1. Who We Are

Thermis is a global intelligence monitoring service operated by the Thermis team. In this policy, "we", "us", and "our" refer to Thermis. Our website is thermis.io. For privacy matters, contact us at admin@thermis.io.

2. What Data We Collect

When you create an account we collect your email address and a securely hashed password. When you subscribe to Thermis Pro, your payment is processed by Stripe — we do not store your card details. Stripe provides us with a customer identifier and subscription status only. We store your subscription status in our database to determine your access level. We do not collect your name, address, or any other personal information unless you contact us directly.

3. How We Use Your Data

We use your email address to create and manage your account, send you account-related emails such as payment confirmations, and respond to support requests. We use your subscription status solely to control access to Pro features. We do not use your data for advertising, profiling, or marketing without your explicit consent.

4. Legal Basis for Processing

Under UK GDPR, we process your data on the basis of contract performance (to provide the service you signed up for) and legitimate interests (to maintain the security and integrity of the platform). Where we send you marketing communications, we rely on your consent.

5. Data Storage

Your account data is stored securely using Supabase, a cloud database provider, on servers located within the European Economic Area. Payment data is processed and stored by Stripe, Inc. in accordance with their privacy policy and PCI DSS compliance standards.

6. Data Retention

We retain your account data for as long as your account is active. If you delete your account, your personal data is removed from our systems within 30 days. Anonymised, aggregated usage data may be retained indefinitely.

7. Your Rights

Under UK GDPR you have the right to access the personal data we hold about you, request correction of inaccurate data, request deletion of your data, object to processing, and request data portability. To exercise any of these rights, contact us at admin@thermis.io. You also have the right to lodge a complaint with the Information Commissioner's Office (ICO) at ico.org.uk.

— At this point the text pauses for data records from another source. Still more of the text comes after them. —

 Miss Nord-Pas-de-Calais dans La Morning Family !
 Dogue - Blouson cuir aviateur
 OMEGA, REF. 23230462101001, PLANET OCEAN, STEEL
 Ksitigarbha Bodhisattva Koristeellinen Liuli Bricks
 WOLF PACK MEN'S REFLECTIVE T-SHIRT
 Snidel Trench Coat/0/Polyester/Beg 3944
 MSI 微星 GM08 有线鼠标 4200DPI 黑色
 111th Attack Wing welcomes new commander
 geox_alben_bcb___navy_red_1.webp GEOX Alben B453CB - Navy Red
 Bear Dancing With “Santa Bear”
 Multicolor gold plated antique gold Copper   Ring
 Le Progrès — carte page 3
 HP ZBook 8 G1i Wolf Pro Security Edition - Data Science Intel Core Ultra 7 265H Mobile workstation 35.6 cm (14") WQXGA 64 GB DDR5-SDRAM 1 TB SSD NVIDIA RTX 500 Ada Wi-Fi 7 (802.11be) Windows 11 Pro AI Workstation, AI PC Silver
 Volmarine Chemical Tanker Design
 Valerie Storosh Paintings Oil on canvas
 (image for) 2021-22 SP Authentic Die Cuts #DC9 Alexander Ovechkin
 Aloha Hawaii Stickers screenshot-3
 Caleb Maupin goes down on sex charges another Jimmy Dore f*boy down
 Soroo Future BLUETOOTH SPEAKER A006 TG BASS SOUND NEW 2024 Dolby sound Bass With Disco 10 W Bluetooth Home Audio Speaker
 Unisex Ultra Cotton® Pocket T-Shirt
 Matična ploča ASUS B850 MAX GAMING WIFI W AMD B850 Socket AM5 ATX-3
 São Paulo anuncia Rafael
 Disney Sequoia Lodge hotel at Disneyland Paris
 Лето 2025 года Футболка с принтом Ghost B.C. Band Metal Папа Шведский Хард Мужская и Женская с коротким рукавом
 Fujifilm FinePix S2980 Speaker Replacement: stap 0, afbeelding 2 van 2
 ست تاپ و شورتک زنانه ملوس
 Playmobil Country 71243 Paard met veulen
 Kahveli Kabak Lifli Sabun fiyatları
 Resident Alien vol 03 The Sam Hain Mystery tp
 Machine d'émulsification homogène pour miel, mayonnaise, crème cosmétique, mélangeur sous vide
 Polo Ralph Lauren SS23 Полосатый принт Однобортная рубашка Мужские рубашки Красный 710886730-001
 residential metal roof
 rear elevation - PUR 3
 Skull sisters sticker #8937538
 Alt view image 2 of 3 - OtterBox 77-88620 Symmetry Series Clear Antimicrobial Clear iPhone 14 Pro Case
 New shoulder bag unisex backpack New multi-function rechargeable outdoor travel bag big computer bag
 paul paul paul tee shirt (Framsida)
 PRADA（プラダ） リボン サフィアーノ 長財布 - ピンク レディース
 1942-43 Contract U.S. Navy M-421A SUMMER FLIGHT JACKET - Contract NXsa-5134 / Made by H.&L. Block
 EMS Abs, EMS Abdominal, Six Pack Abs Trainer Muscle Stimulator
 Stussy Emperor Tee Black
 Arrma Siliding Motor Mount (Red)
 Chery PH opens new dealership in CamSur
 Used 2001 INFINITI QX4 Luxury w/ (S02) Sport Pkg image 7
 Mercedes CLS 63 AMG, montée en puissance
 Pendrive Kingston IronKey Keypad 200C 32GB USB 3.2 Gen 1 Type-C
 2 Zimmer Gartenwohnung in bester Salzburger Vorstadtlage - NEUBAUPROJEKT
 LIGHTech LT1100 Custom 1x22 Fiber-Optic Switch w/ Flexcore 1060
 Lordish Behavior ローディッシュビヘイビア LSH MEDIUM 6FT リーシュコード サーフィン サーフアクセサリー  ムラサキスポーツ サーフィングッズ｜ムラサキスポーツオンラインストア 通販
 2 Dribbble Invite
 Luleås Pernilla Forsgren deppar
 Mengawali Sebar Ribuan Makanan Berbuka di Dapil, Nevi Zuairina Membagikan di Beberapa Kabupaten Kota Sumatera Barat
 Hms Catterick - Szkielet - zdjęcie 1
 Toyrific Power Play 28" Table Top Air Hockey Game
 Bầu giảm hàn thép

8. Cookies and Local Storage

Thermis uses browser localStorage to cache intelligence scores and analysis on your device to improve performance. This data does not contain personal information and is not transmitted to our servers. We do not currently use advertising or tracking cookies.

9. Third-Party Services

We use the following third-party services: Stripe for payment processing, Supabase for database hosting, Vercel for website hosting, and Anthropic for AI analysis generation. Each operates under their own privacy policy.

10. Changes to This Policy

We may update this policy from time to time. Material changes will be notified by email or a prominent notice on the site. Continued use of the service after changes constitutes acceptance.